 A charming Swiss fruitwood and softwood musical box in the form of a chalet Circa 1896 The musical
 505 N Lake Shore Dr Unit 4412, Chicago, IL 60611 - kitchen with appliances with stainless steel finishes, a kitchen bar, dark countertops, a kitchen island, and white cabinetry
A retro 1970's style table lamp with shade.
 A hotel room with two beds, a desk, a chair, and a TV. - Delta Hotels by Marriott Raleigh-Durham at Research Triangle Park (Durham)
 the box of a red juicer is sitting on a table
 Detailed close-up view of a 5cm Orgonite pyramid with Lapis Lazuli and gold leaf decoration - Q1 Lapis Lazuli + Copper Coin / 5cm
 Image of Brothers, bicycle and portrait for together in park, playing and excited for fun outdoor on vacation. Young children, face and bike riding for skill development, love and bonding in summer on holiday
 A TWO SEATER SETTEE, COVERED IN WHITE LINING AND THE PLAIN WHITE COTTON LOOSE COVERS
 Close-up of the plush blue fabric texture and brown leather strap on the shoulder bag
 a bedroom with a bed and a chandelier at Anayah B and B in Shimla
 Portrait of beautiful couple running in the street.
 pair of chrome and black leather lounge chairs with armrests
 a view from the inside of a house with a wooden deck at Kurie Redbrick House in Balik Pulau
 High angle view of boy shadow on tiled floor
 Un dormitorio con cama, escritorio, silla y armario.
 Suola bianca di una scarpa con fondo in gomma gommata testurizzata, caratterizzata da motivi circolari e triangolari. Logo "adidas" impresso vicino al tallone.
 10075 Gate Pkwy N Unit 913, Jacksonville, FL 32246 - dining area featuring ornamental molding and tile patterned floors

|---|

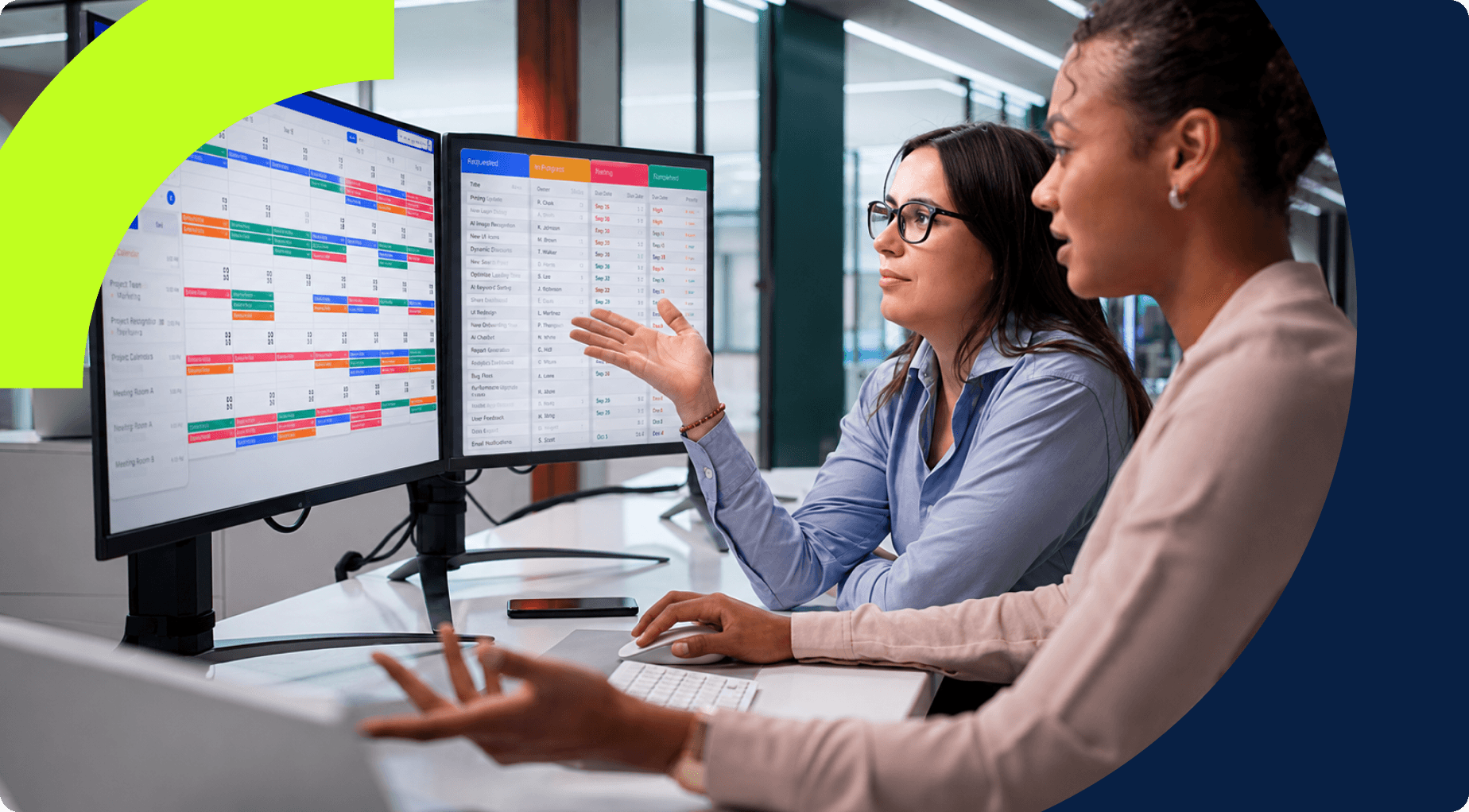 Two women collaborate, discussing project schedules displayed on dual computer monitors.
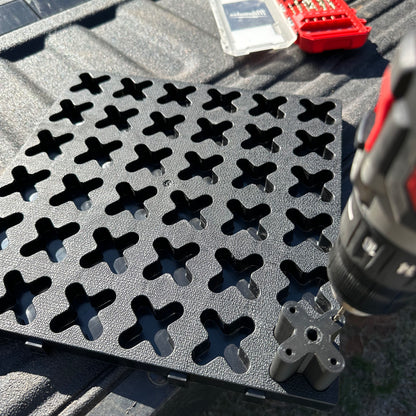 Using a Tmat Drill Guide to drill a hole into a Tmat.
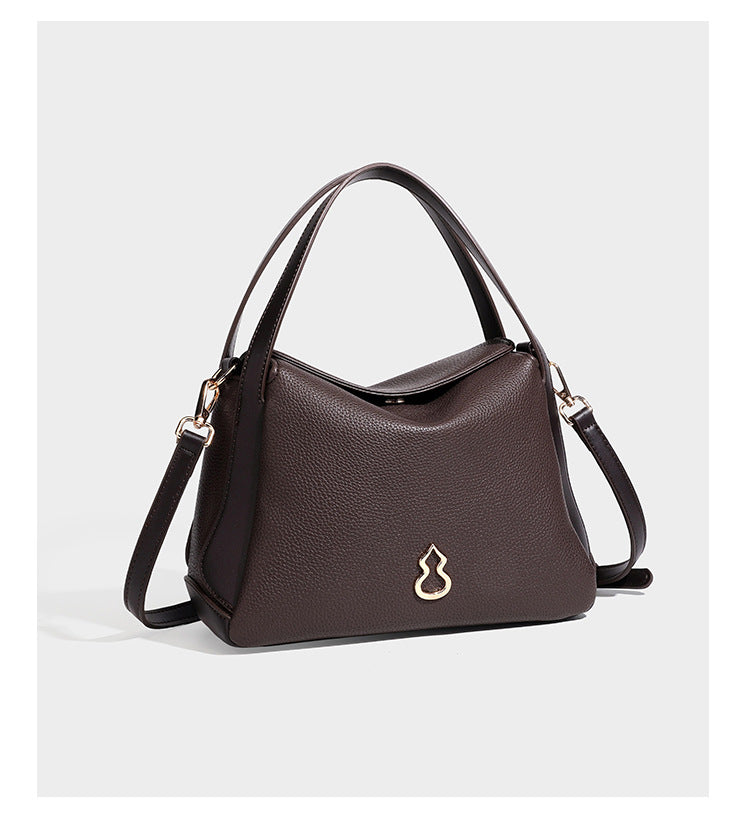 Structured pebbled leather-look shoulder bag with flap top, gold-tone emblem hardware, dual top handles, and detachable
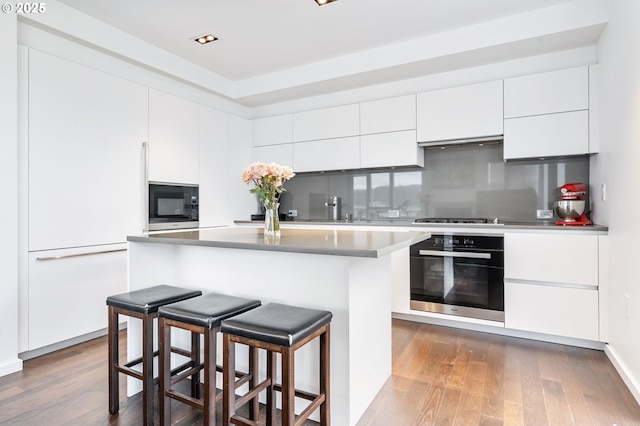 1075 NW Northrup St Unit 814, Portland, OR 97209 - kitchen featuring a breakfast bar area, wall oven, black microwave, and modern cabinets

|---|

**Assignment:**
Word for word, restate the lines above from the line containing "a view from" through the line containing "Un dormitorio con", with both included and nothing else.

**Task solution:**
 a view from the inside of a house with a wooden deck at Kurie Redbrick House in Balik Pulau
 High angle view of boy shadow on tiled floor
 Un dormitorio con cama, escritorio, silla y armario.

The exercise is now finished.